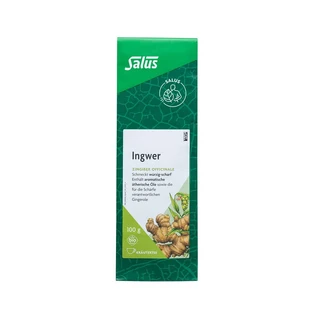 Gingembre épice thé Zingiber officinale bio 100 g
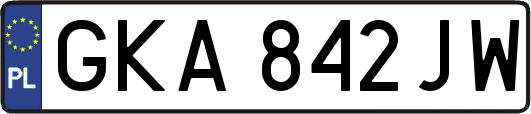 GKA842JW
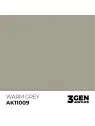 Warm Grey 3 Gen 17 ml (AK11009) de AK Interactive en 3rd Gen | La Cueva Roja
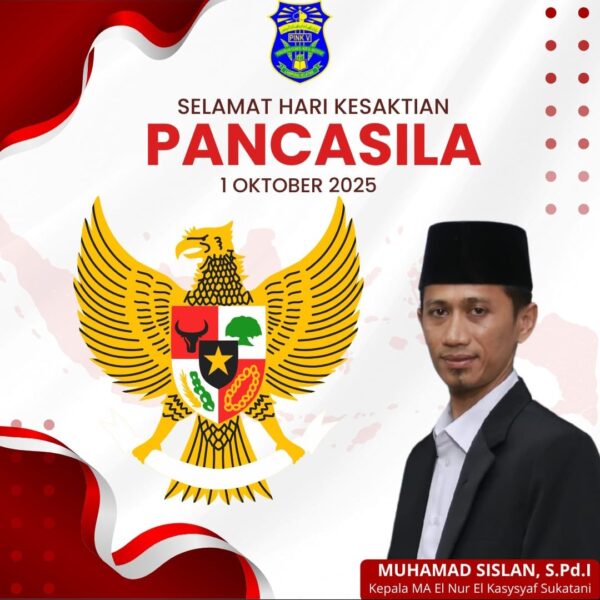 Ternyata M.Sislan Kepsek MA El Nur El kasysyaf Merupakan Kaur Keuangan Desa Suka Bakti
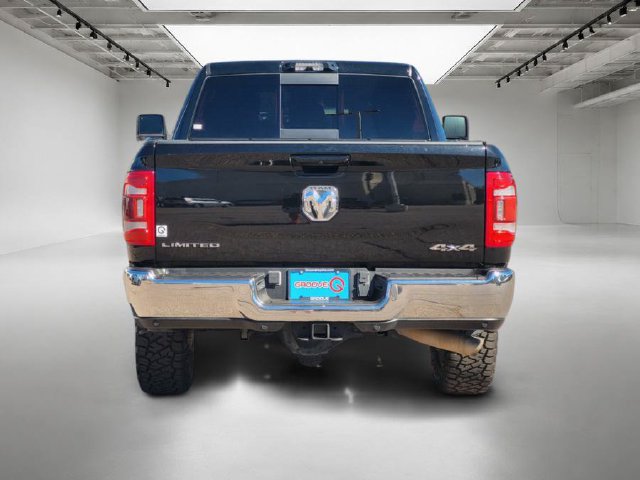 Used 2024 RAM 3500 Limited AWD/4WD image 5
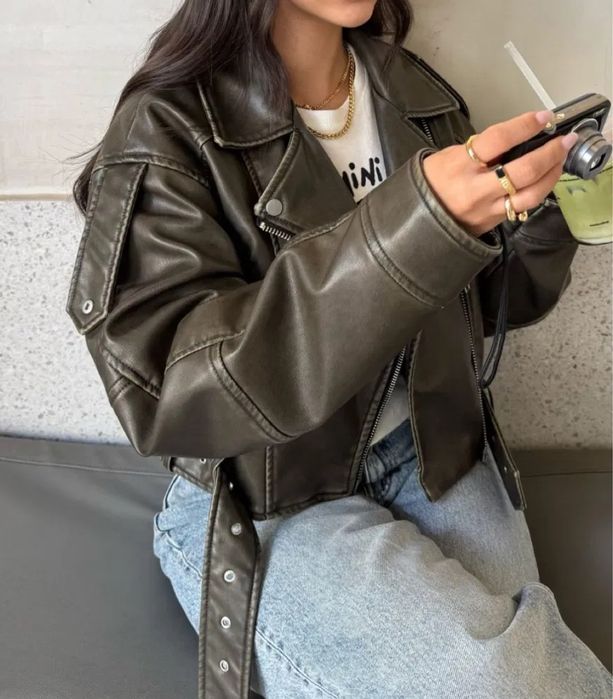Косуха женская Zara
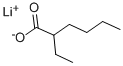 LITHIUM 2-ETHYLHEXANOATE CAS#: 15590-62-2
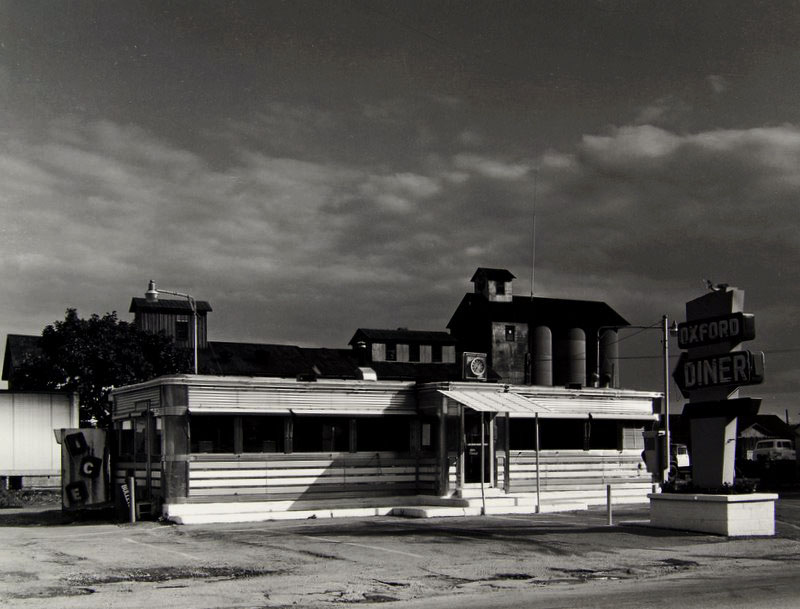 Tom Baril - Oxford Diner, MA Tom Baril - Oxford Diner, MA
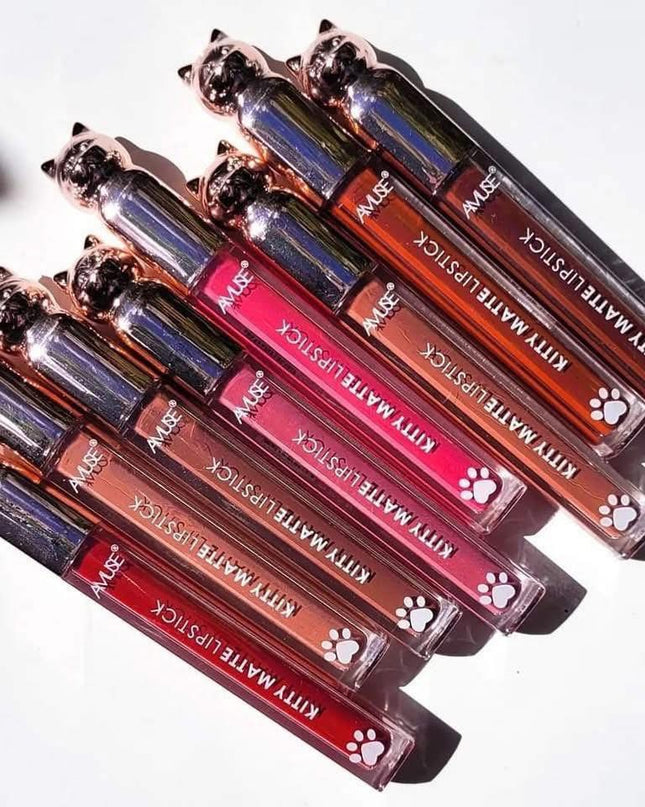 AMUSE - Kitty Lipstick Matte 💄 🐱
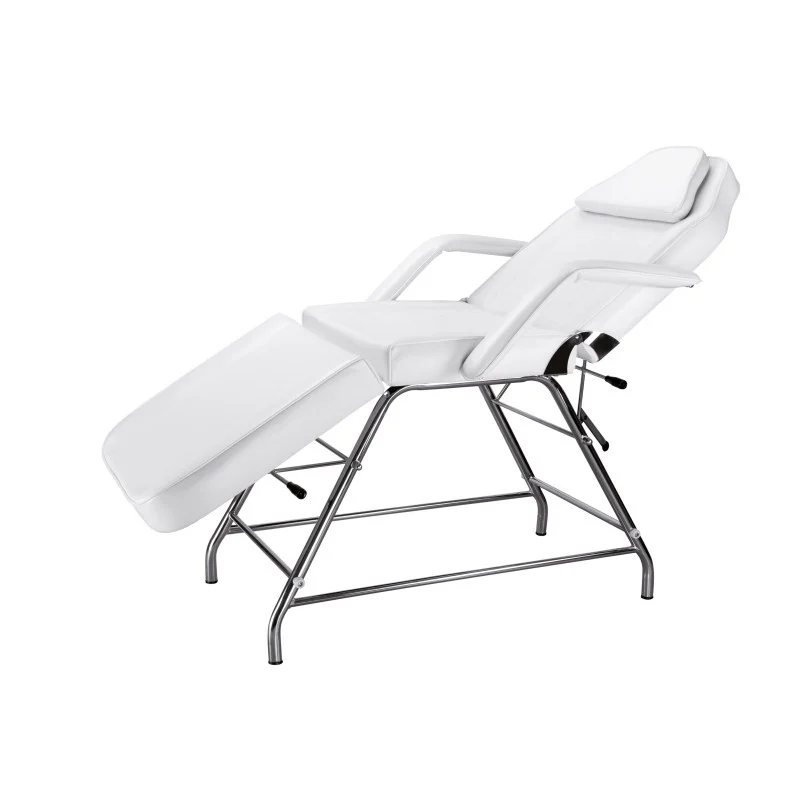 LETTINO DA MASSAGGIO SPECIALE 173X56X73 BIANCO - Pollié
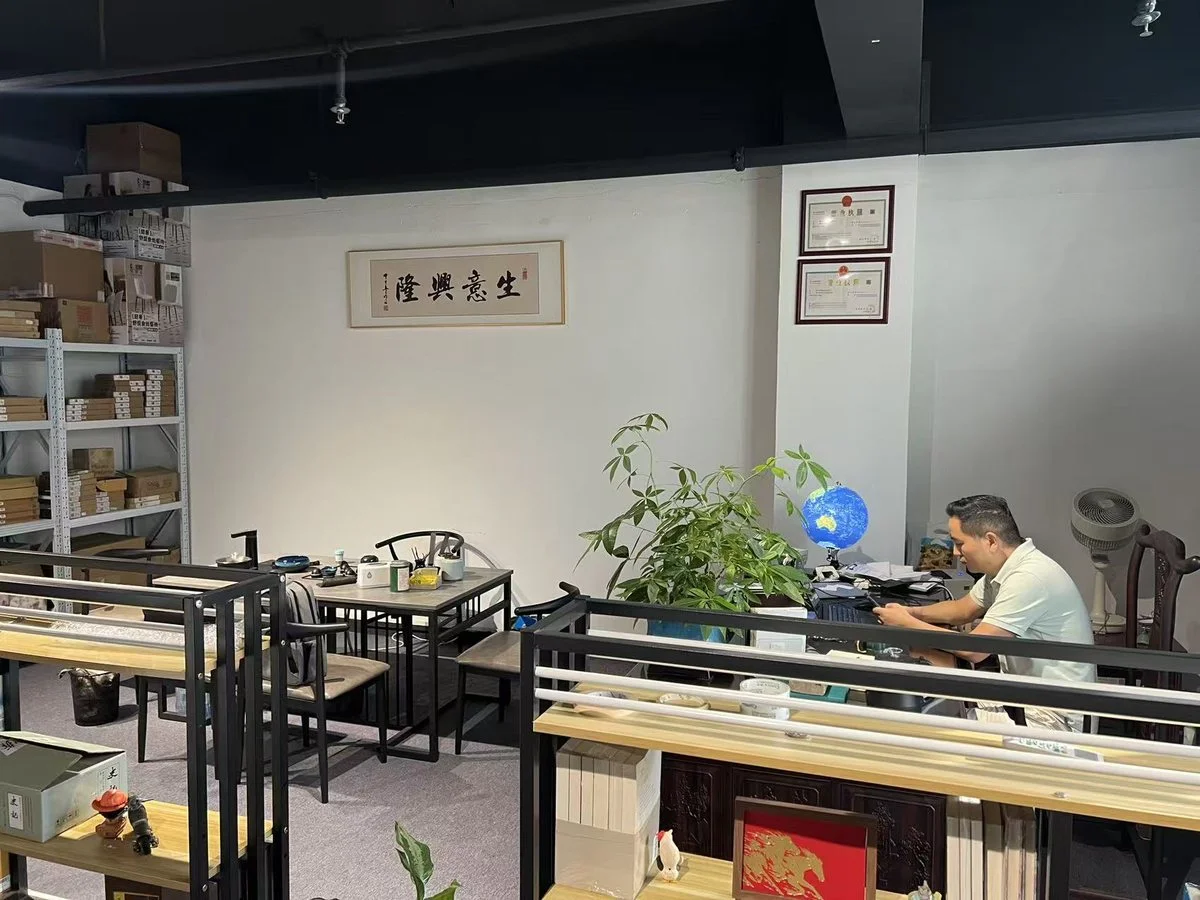 R&D center workspace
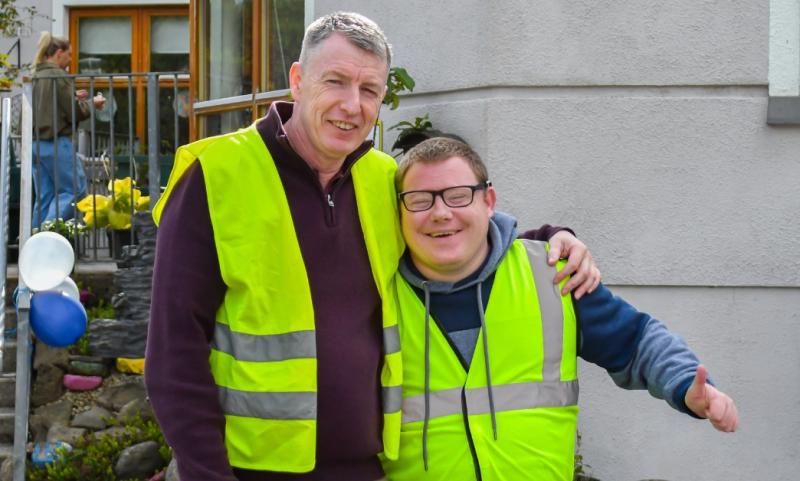 Kilkenny organisation providing incredible service celebrates major milestone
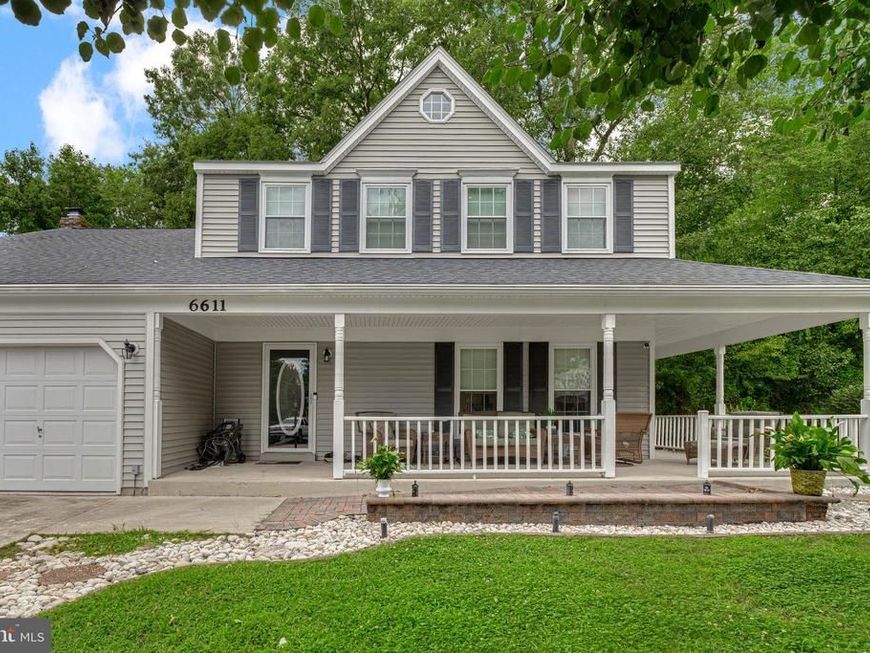 6611 Cottontail Court, Waldorf, MD 20603 Main Photo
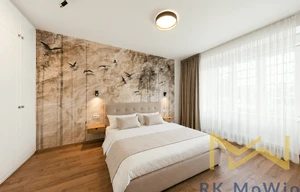 Apartment for rent, 2+kk - 1 bedroom, 58m<sup>2</sup>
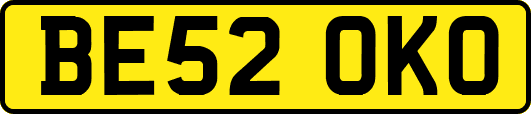 BE52OKO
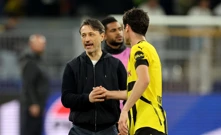 Niko Kovač nakon ispadanja, Foto: Wolfgang Rattay/REUTERS
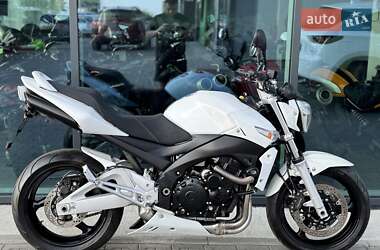 Мотоцикл Без обтікачів (Naked bike) Suzuki GSR 600 2008 в 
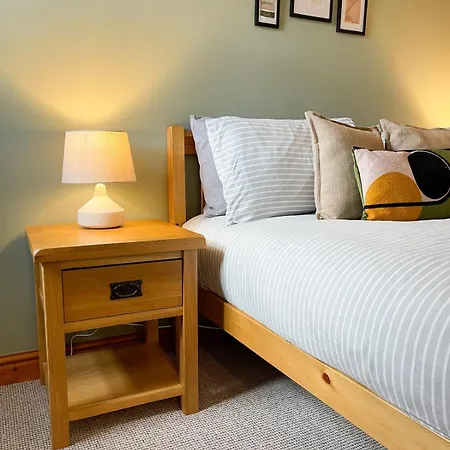 Hadrians Retreat, Cosy 1 Bed Flat - Near M6 Jct45, A75, Gretna & Carlisle Longtown (Cumbria)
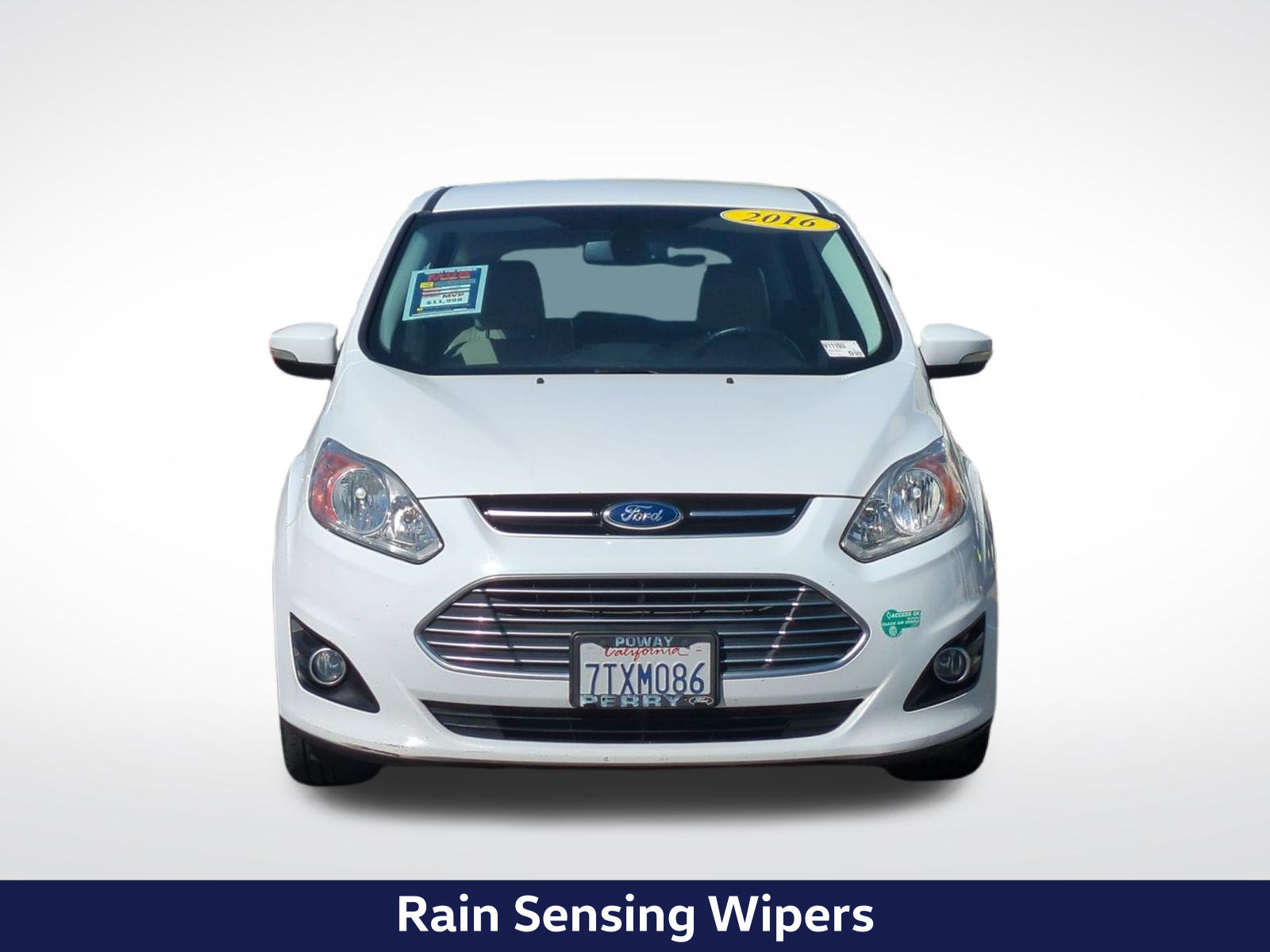 Used 2016 Ford C-MAX Energi SEL FWD image 4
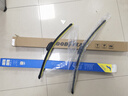 固特異（Goodyear）斯巴魯森林人雨刮器08至12款無(wú)骨配件膠條專(zhuān)用前雨刷片24/18 1對 曬單實(shí)拍圖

* [EXERCISE GOAL]:
Exactly the lines from the one that contains "Ternyata M.Sislan Kepsek" through the final line of the records above are needed, given again word for word, with every picture left out.

* [OUTPUT OF THE TASK]:
 Ternyata M.Sislan Kepsek MA El Nur El kasysyaf Merupakan Kaur Keuangan Desa Suka Bakti
 Used 2024 RAM 3500 Limited AWD/4WD image 5
Косуха женская Zara
 LITHIUM 2-ETHYLHEXANOATE CAS#: 15590-62-2
 Tom Baril - Oxford Diner, MA Tom Baril - Oxford Diner, MA
 AMUSE - Kitty Lipstick Matte 💄 🐱
 LETTINO DA MASSAGGIO SPECIALE 173X56X73 BIANCO - Pollié
 R&D center workspace
 Kilkenny organisation providing incredible service celebrates major milestone
 6611 Cottontail Court, Waldorf, MD 20603 Main Photo
 Apartment for rent, 2+kk - 1 bedroom, 58m<sup>2</sup>
 BE52OKO
 Niko Kovač nakon ispadanja, Foto: Wolfgang Rattay/REUTERS
 Мотоцикл Без обтікачів (Naked bike) Suzuki GSR 600 2008 в 
 Hadrians Retreat, Cosy 1 Bed Flat - Near M6 Jct45, A75, Gretna & Carlisle Longtown (Cumbria)
 Used 2016 Ford C-MAX Energi SEL FWD image 4
 固特異（Goodyear）斯巴魯森林人雨刮器08至12款無(wú)骨配件膠條專(zhuān)用前雨刷片24/18 1對 曬單實(shí)拍圖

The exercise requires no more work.